Safety and Efficacy Trial of TV5M01 for Radiation-Induced Mucositis in Head and Neck Cancer Patients.

Launched by FUNDACION CLINICA VALLE DEL LILI · Mar 7, 2025

Keywords

ClinConnect Summary

This clinical trial is studying a new treatment called TV5M01, which is a gel made from green tea and morphine, to help patients with head and neck cancer who experience painful mouth sores caused by radiation therapy. The trial aims to compare this new gel to a standard mouthwash treatment to see which one works better and is safer for patients. It will involve 40 patients who are undergoing radiation treatment and have developed sores that are at least mild in severity.

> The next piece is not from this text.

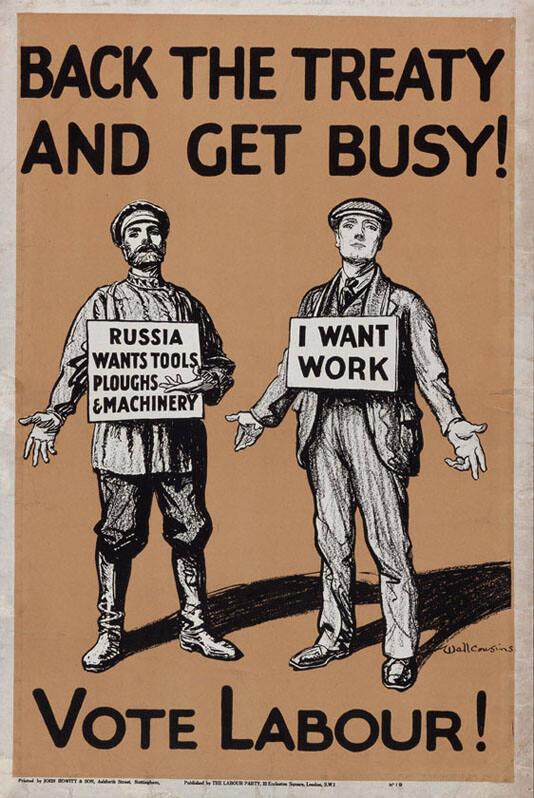 Back the treaty and get busy! - Vote Labour!
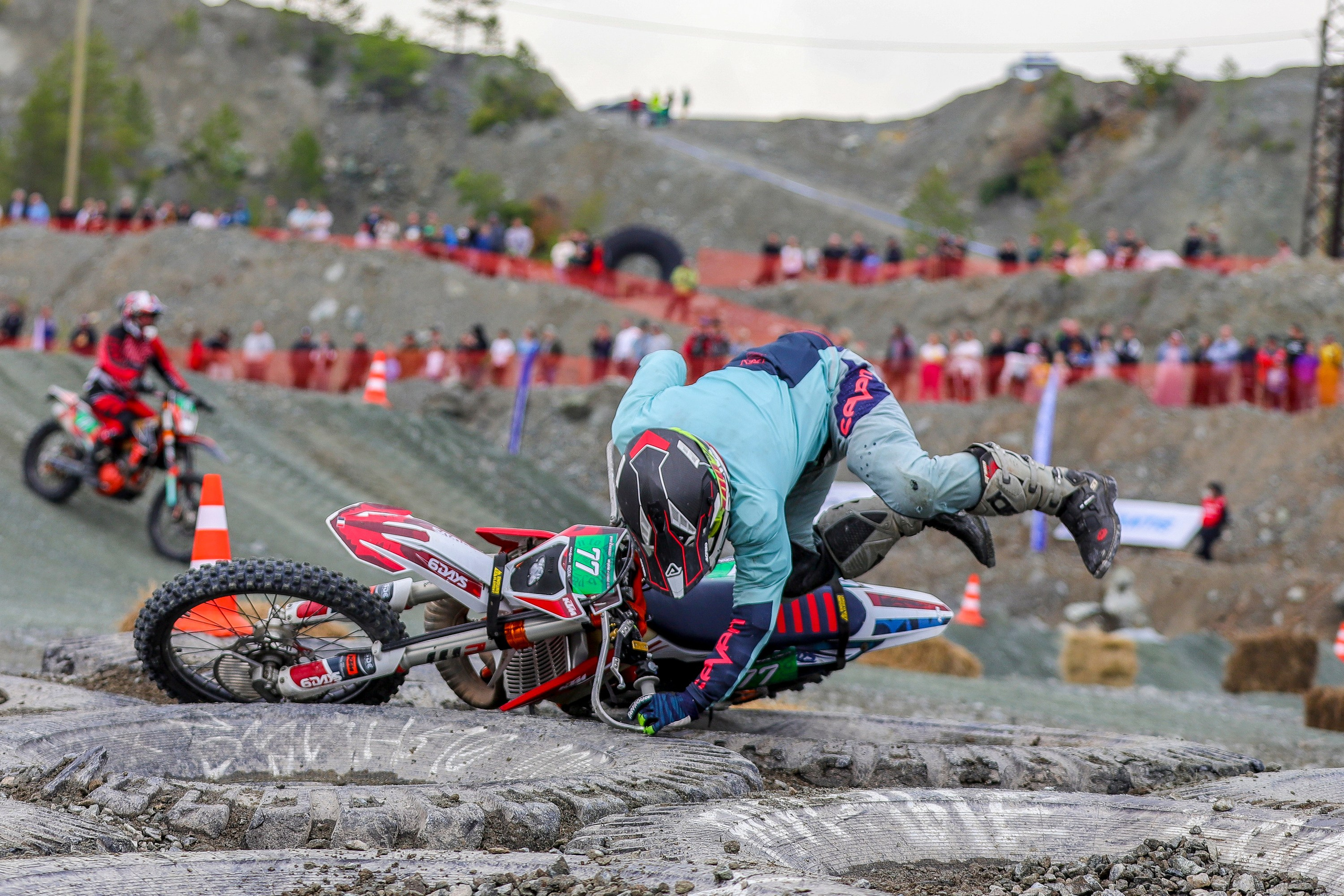 Мотофестиваль эндуро На угле. Спортивный и репортажный фотограф в Екатеринбурге Пустовая Аделя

To be eligible, participants need to be adults aged 18 to 60 with certain types of head and neck cancer, scheduled to start radiation therapy, and able to swallow liquids and solids. They will apply the gel or mouthwash three times a day until their sores improve. Throughout the trial, researchers will monitor participants closely for any side effects and how well the treatments work, focusing on pain levels and overall quality of life. This trial is an important step in finding better ways to manage a common and painful side effect of cancer treatment, potentially helping patients complete their radiation therapy more comfortably.

Gender

ALL

Eligibility criteria

• Inclusion Criteria:
• • Age ≥ 18 years and \< 60 years
• • Diagnosis of HNSCC of the oral cavity, larynx, oro- and hypopharynx, diagnostic stage III-IV according to the AJCC 8th edition, scheduled to start radiotherapy
• • Ability to swallow solids and liquids before starting radiotherapy treatment
• Adequate contraception for both sexes:
• • For women: negative pregnancy test for women of childbearing age; must be surgically sterile, postmenopausal (defined as absence of menstrual cycle for at least 12 consecutive months), or comply with an acceptable contraceptive regimen during and 3 months after the treatment period
• • For men: must be surgically sterile or comply with a contraceptive regimen during and for 3 months after the treatment period
• • Performance status (ECOG) of 0-1, measured within 72 hours prior to treatment initiation
• • Expected life expectancy ≥ 6 months
• • Adequate renal function \[creatinine ≤ 1.5 times the upper limit of normal (ULN) or Glomerular Filtration Rate ≥ 50 ml/min\]
• • Adequate liver function \[total bilirubin ≤ 1.5 x ULN; AST or ALT ≤ 3 x ULN or ≤ 5 x ULN if due to tumor liver involvement\]
• • Provision of signed and dated informed consent before initiating any study-related procedure
• • Meeting the diagnostic criteria for grade 1 or higher mucositis according to WHO classification
• • Meeting the criteria for starting radiotherapy
• • Willing and able to participate in the trial and comply with all trial requirements
• Exclusion Criteria:
• • Patients not eligible for radiotherapy
• • Stomatological disease such as ulcers, edema, exudation in the oropharyngeal mucosa before radiotherapy
• • Women who are pregnant or breastfeeding
• • Patients allergic or sensitive to any of the compounds in the gel or study medications
• • Presence of lesions that completely occlude the upper digestive tract
• • Patients with a history of disorders, specifically those with psychotic psychiatric disorders such as schizophrenia, schizoaffective disorder, and delusional disorder, and substance/alcohol abuse
• • Patients participating or who have participated in another clinical trial in the last 30 days
• • Another uncontrollable, severe, hemodynamically unstable concurrent medical condition requiring urgent attention or threatening the patient's life
• • Receiving chemotherapy regimens with delayed toxicity within the last 4 weeks (six weeks for nitrosourea or mitomycin C) or continuous or weekly chemotherapy regimen with limited potential for delayed toxicity within the last two weeks
• • Any evidence of oral infection or disease in the oral cavity other than HNSCC
• • Any important medical disease or incidental abnormal laboratory finding that could increase the participant's risk in the study (based on the investigator's judgment)
• • Concomitant therapy with drugs that inhibit or enhance opioid action
• • Hypersensitivity to opioids, respiratory depression, obstructive airway disease, acute liver disease, seizure disorder, increased intracranial pressure, paralytic ileus, patients with known sensitivity to morphine, pheochromocytoma, acute asthma exacerbations, history of cardiac arrhythmia, heart failure.